Order q determined by ACF.

ARIMA

Combines AR, differencing (I for Integrated), and MA:

ARIMA(p, d, q):

p: AR order (how many past values)
d: Differencing order (how many times to difference)
q: MA order (how many past errors)

SARIMA: Adds seasonal components for repeating patterns.

SARIMAX: Adds external regressors (prices, promotions).

Exponential Smoothing

Updates estimates gradually, weighting recent observations more:

Simple: Level only (no trend or seasonality)

Holt's Method: Level + trend

Holt-Winters: Level + trend + seasonality

Flexible and intuitive. No stationarity required.

Machine Learning Approaches

ML models don't inherently understand time. You must engineer features.

Feature Engineering

Lag features: Yesterday's value, last week's value, etc.

Rolling statistics: 7-day mean, 7-day std, rolling max/min

Calendar features: Day of week, month, quarter, holiday indicators

Fourier features: Sine/cosine to encode smooth cyclical patterns

External variables: Prices, promotions, weather, events

Tree-Based Models

Random Forest, XGBoost, LightGBM work well when:

Many external features drive the target
Nonlinear interactions matter
You need to model thousands of series efficiently

Strengths: Fast, scalable, handle interactions naturally

Weaknesses: Don't understand sequences without explicit lag features

Neural Networks

Feed-forward NNs: Similar to tree models, need engineered features

RNNs/LSTMs: Process sequences directly, maintain internal memory for long dependencies

Seq2Seq: Encoder-decoder for multi-step forecasts

Temporal CNNs: Convolutional filters across time, fast and parallel

Transformers: Attention mechanisms focus on relevant past time steps. Powerful but data-hungry.

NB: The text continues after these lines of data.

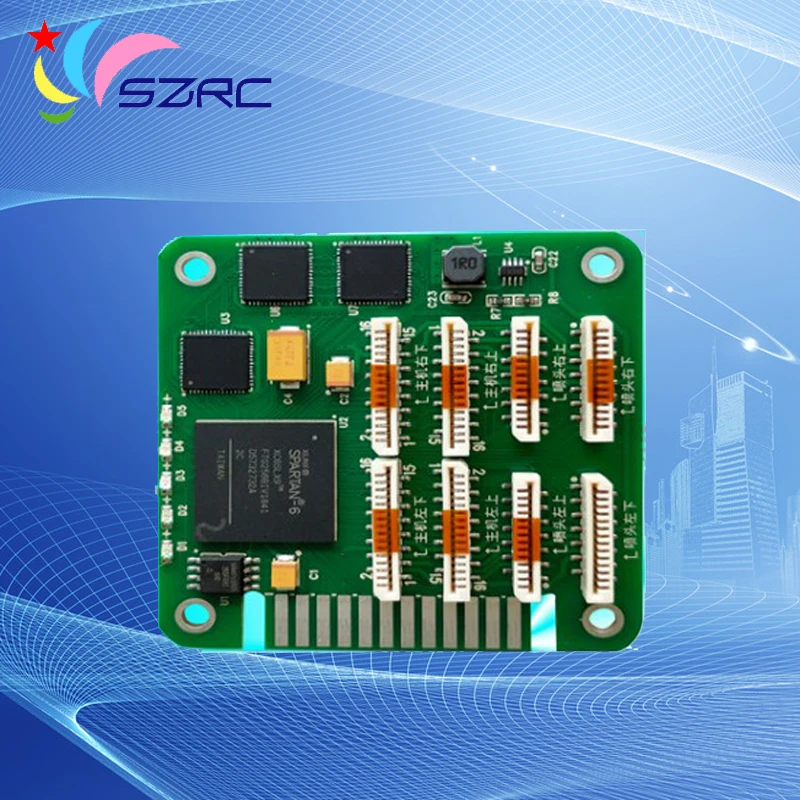 New Original first locked Print Head or Decryption card Compatible For EPSON WF4720 4720 Printer Printhead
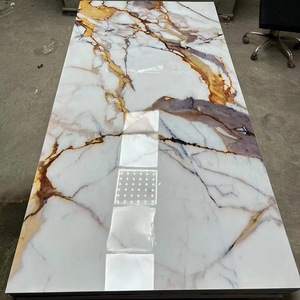 Pannelli Decorativi per Soggiorno e Sala Intrattenimento - Pannelli in PVC Stile Moderno, Impermeabili, Ignifughi, <span class=keywords><strong>Design</strong></span> Grafico - Product Image 4
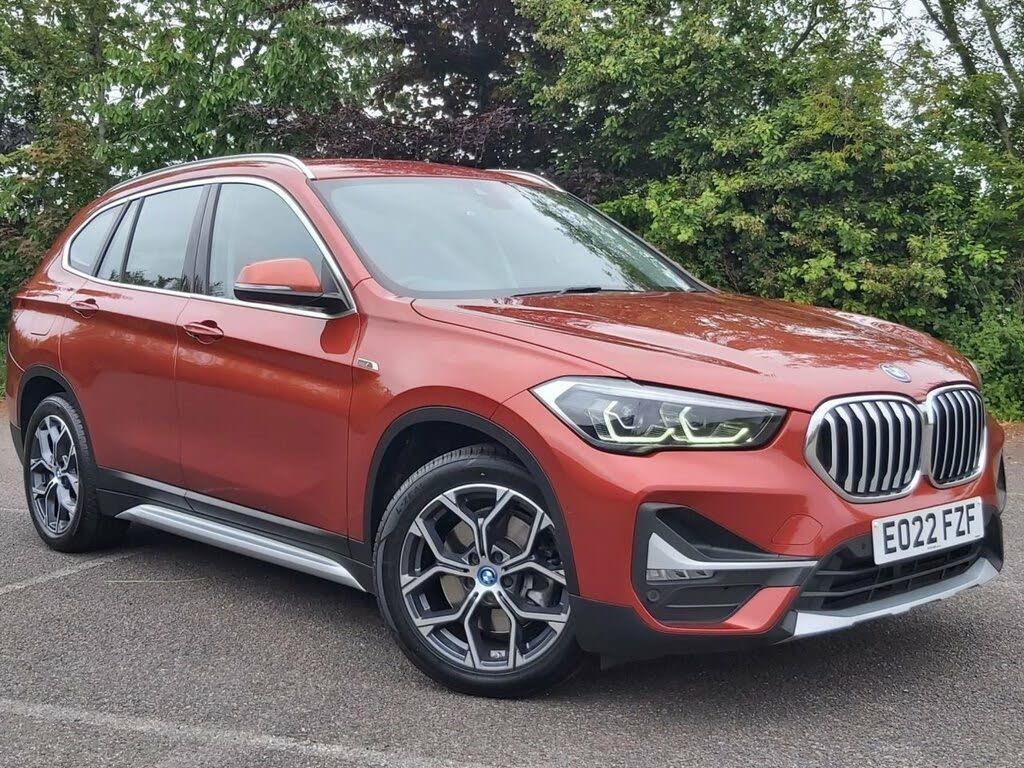 2022 BMW X1 1.5 xDrive 25e PHEV xLine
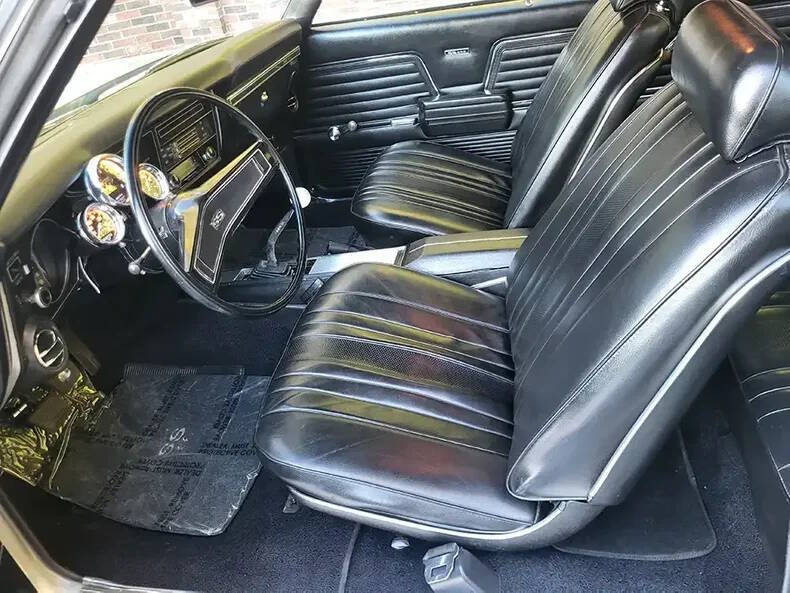 1969 Chevrolet Chevelle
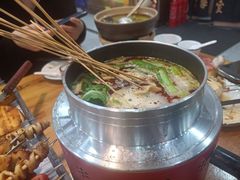 -亿牌牌东北烧烤(怀特店)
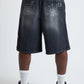 Jorts Vintage Washed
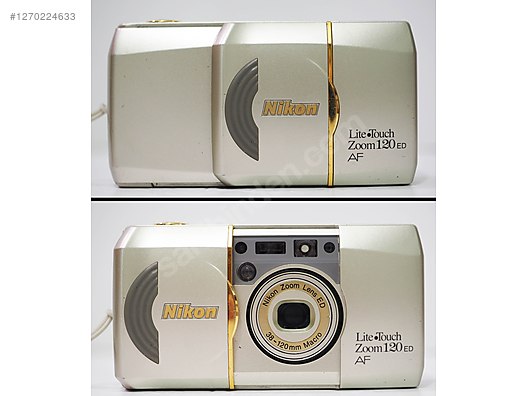 Used & Brand New Items / Cameras & Photographic Equipment / Analogue Film Cameras / 35 mm Film Cameras / Nikon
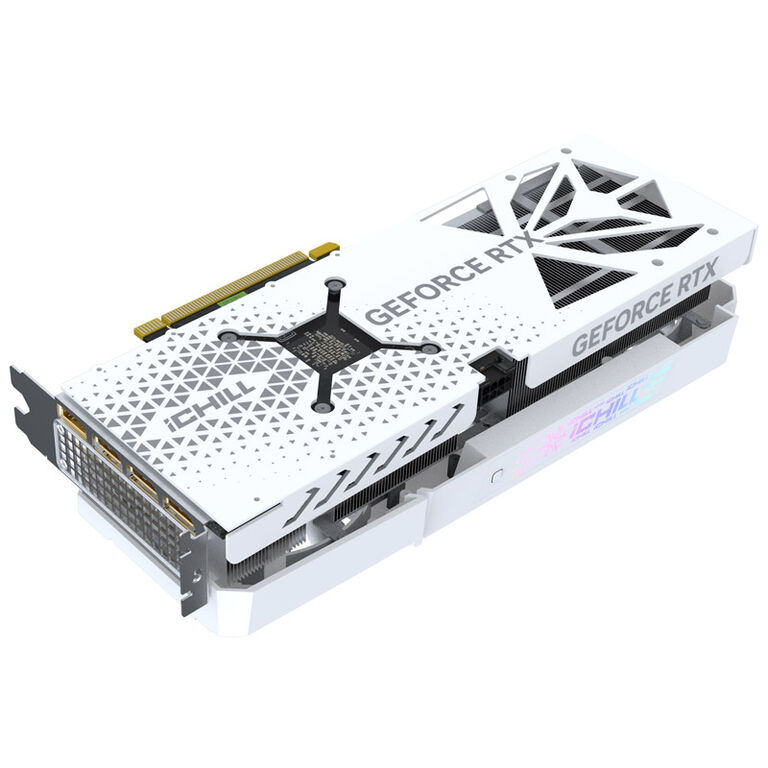 INNO3D GeForce RTX 4060 Ti iChill X3 White, 8192 MB GDDR6 image number 7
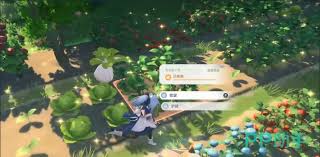 蓝色星原旅谣种菜玩法是什么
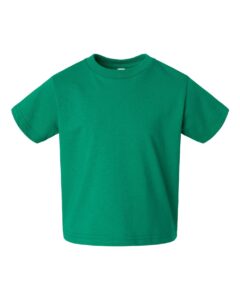 Rabbit Skins 3301T Toddler Cotton Jersey Tee – Kelly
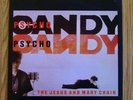 The Jesus And Mary Chain - Psychocandy Original Vinyl LP Blanco Y Negro BYN 7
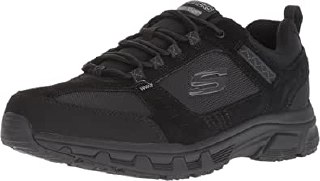 Skechers OAK CANYON Erkek Siyah Outdoor Ayakkabı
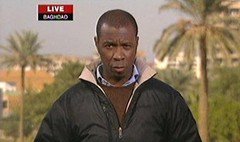 Saddam Executed 2006 - Clive Myrie for BBC News Channel (1)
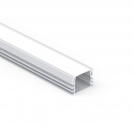 ULTRALUX - APK228 Aluminium profile for LED flexible strip for surface mounting, deep, 2m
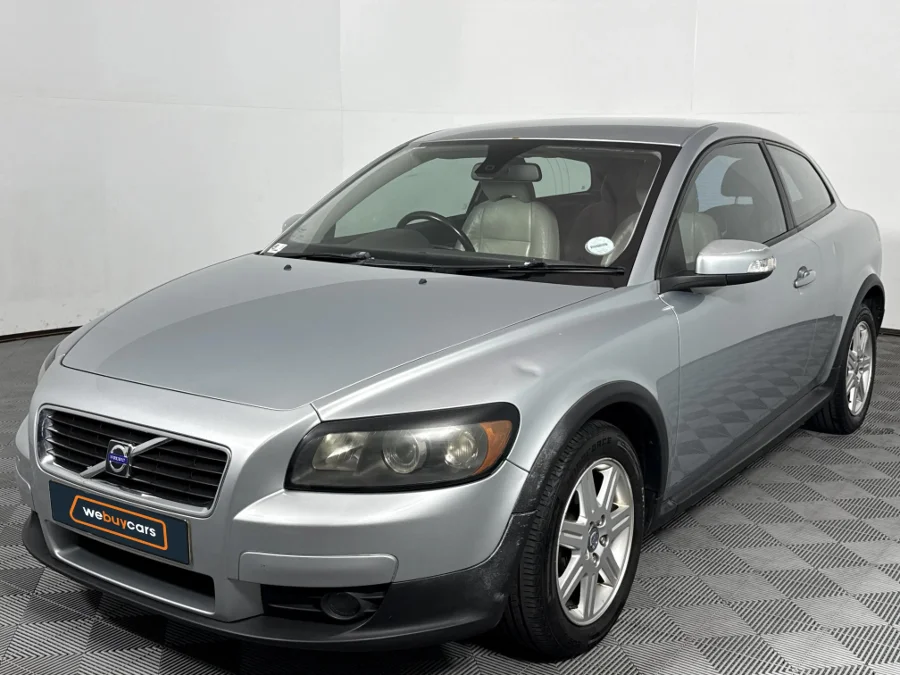 Used 2007 Volvo C30 2.0 - WeBuyCars Richmond Used 2007 Volvo C30 2.0 - WeBuyCars Richmond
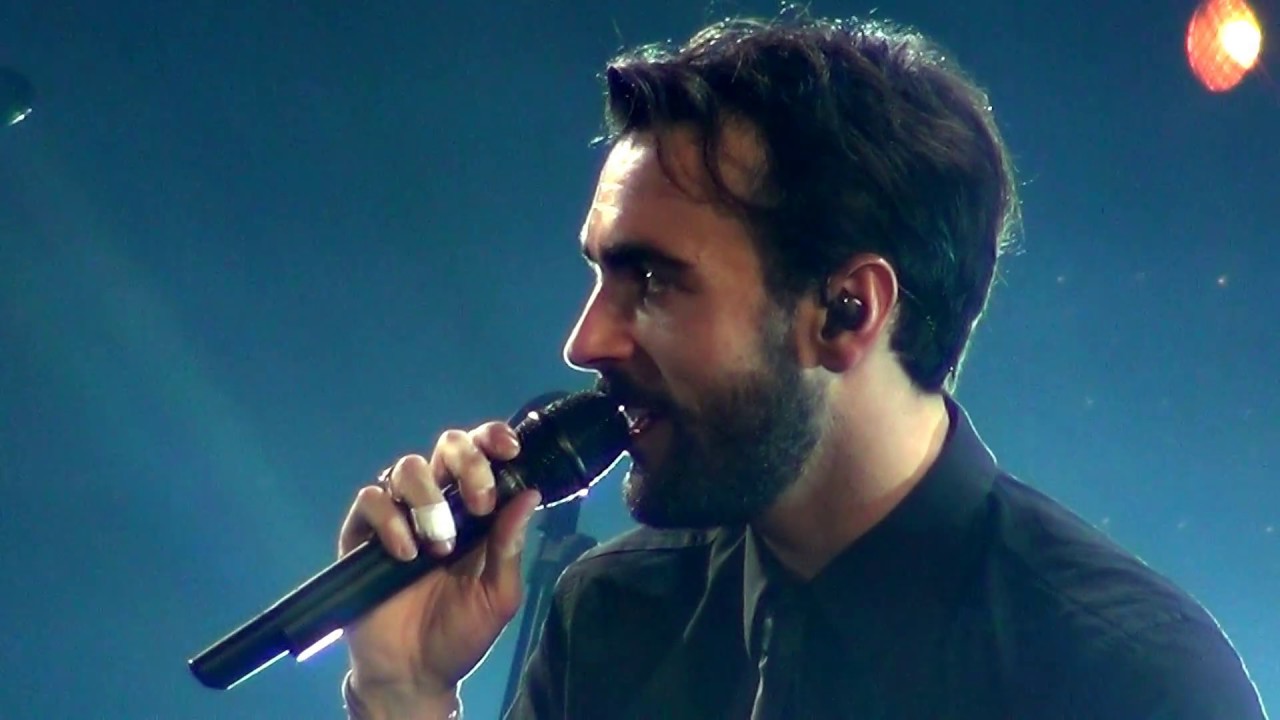 MARCO MENGONI ASSAGO 17/11/16 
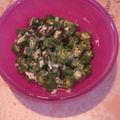 ＭｉｙａＣｏ's cooksnap of when they made オクラ昆布のマヨ和え.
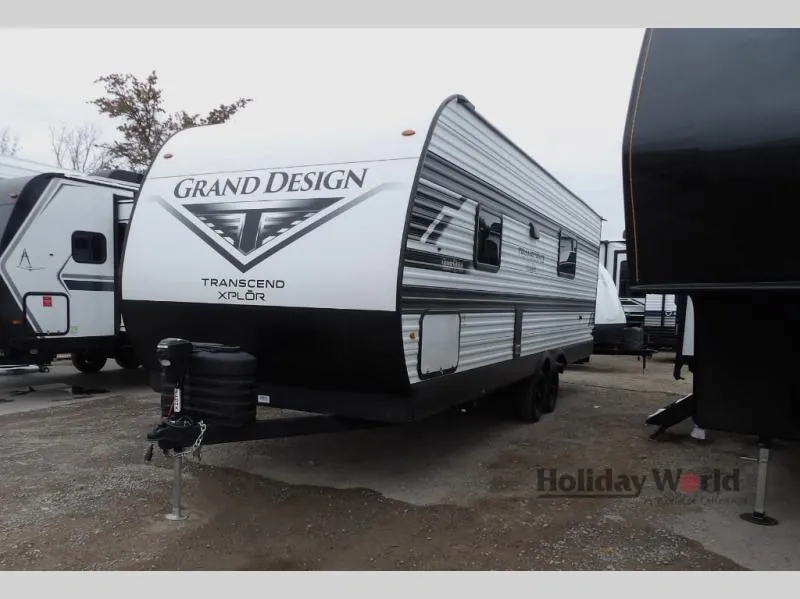 2027 Grand Design Transcend Xplor 24BHX - Photo 4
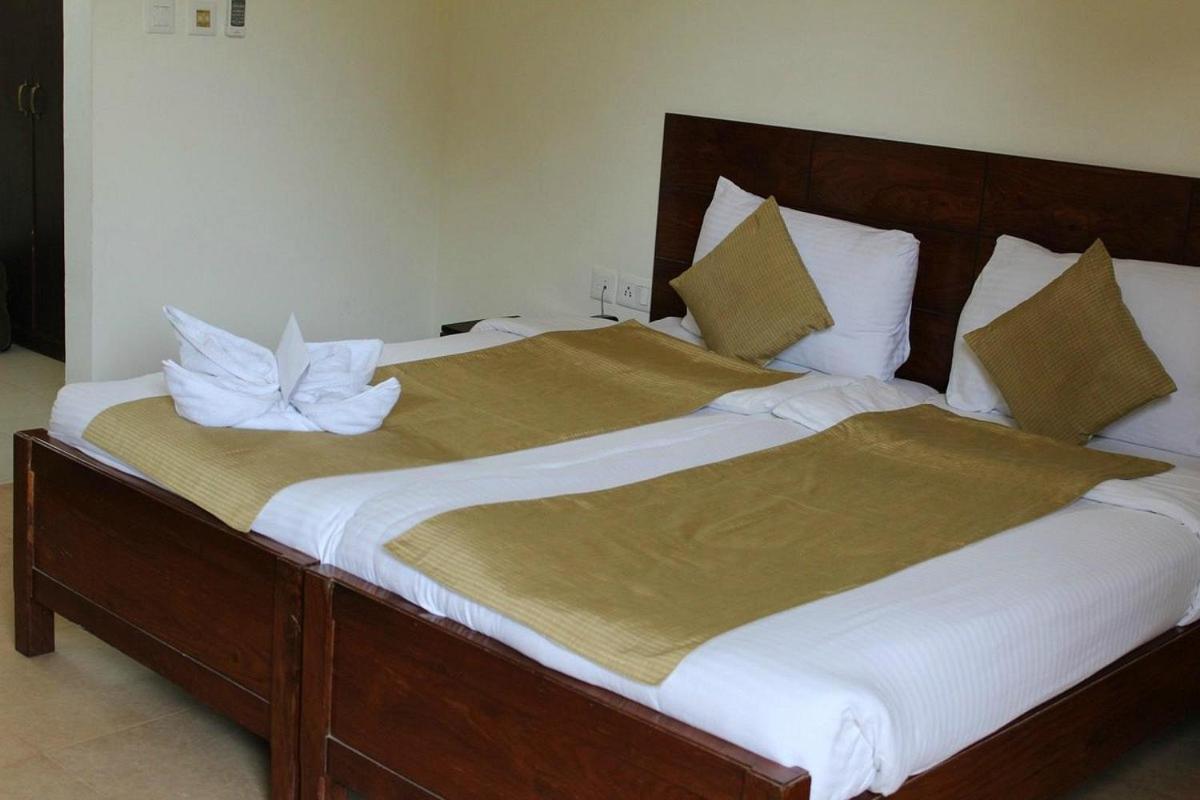 Jim Corbett Resort Ramnagar  Luaran gambar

When to use: Complex patterns, long sequences, many interacting variables, large datasets

Evaluation

Never shuffle data. Train on earlier periods, test on later periods.

Metrics

MAE (Mean Absolute Error): Average error in original units. Easy to interpret, stable.

\text{MAE} = \frac{1}{n}\sum_{i=1}^{n} |y_i - \hat{y}_i|

RMSE (Root Mean Squared Error): Penalizes large errors more. Use when big mistakes are costly.

\text{RMSE} = \sqrt{\frac{1}{n}\sum_{i=1}^{n} (y_i - \hat{y}_i)^2}

MAPE (Mean Absolute Percentage Error): Error as percentage. Business-friendly. Unstable near zero.

\text{MAPE} = \frac{100\%}{n}\sum_{i=1}^{n} \left|\frac{y_i - \hat{y}_i}{y_i}\right|

sMAPE (Symmetric MAPE): Divides by average of actual and forecast. More stable than MAPE near zero.

Validation

Rolling window: Train on Jan-Jun, forecast July. Then train on Jan-Jul, forecast August. Repeat.

Expanding window: Keep adding data to training set.

Simulates real deployment where models update continuously.

Rolling window validation splits data chronologically into multiple train-test pairs. Each iteration moves forward in time, training on past data and testing on the immediate future. This approach provides realistic error estimates that reflect how the model will perform in production.

Horizon

Accuracy decreases with forecast horizon. One-step-ahead is easier than 30-steps-ahead. Evaluate errors at different horizons separately.

Common Pitfalls

Data leakage: Using future information. Happens with:

Incorrect rolling windows (including future)
Scaling using full dataset statistics
Wrong lag shifts

Solution: All transformations must use only past data. Recompute statistics chronologically.

Ignoring seasonality: Weekly, monthly, yearly patterns matter. Model them explicitly or remove them.

Treating time as a feature: Don't use timestamp directly as input to tree models. Extract meaningful features (day of week, month, etc.).

Not monitoring drift: Patterns change. Customer behavior shifts. Retrain regularly and monitor forecast accuracy.

Choosing an Approach

Simple, stable patterns: Exponential smoothing or ARIMA

Strong external drivers: Tree-based ML (XGBoost, LightGBM)

Complex sequences, long dependencies: RNNs, LSTMs, Transformers

Multiple interacting seasonalities: SARIMA or neural networks

Large scale (thousands of series): Tree models or simple methods that parallelize

Need interpretability: Classical models or tree models with feature importance

Start simple. Add complexity only if simpler methods fail. ARIMA often beats fancy neural networks on small datasets.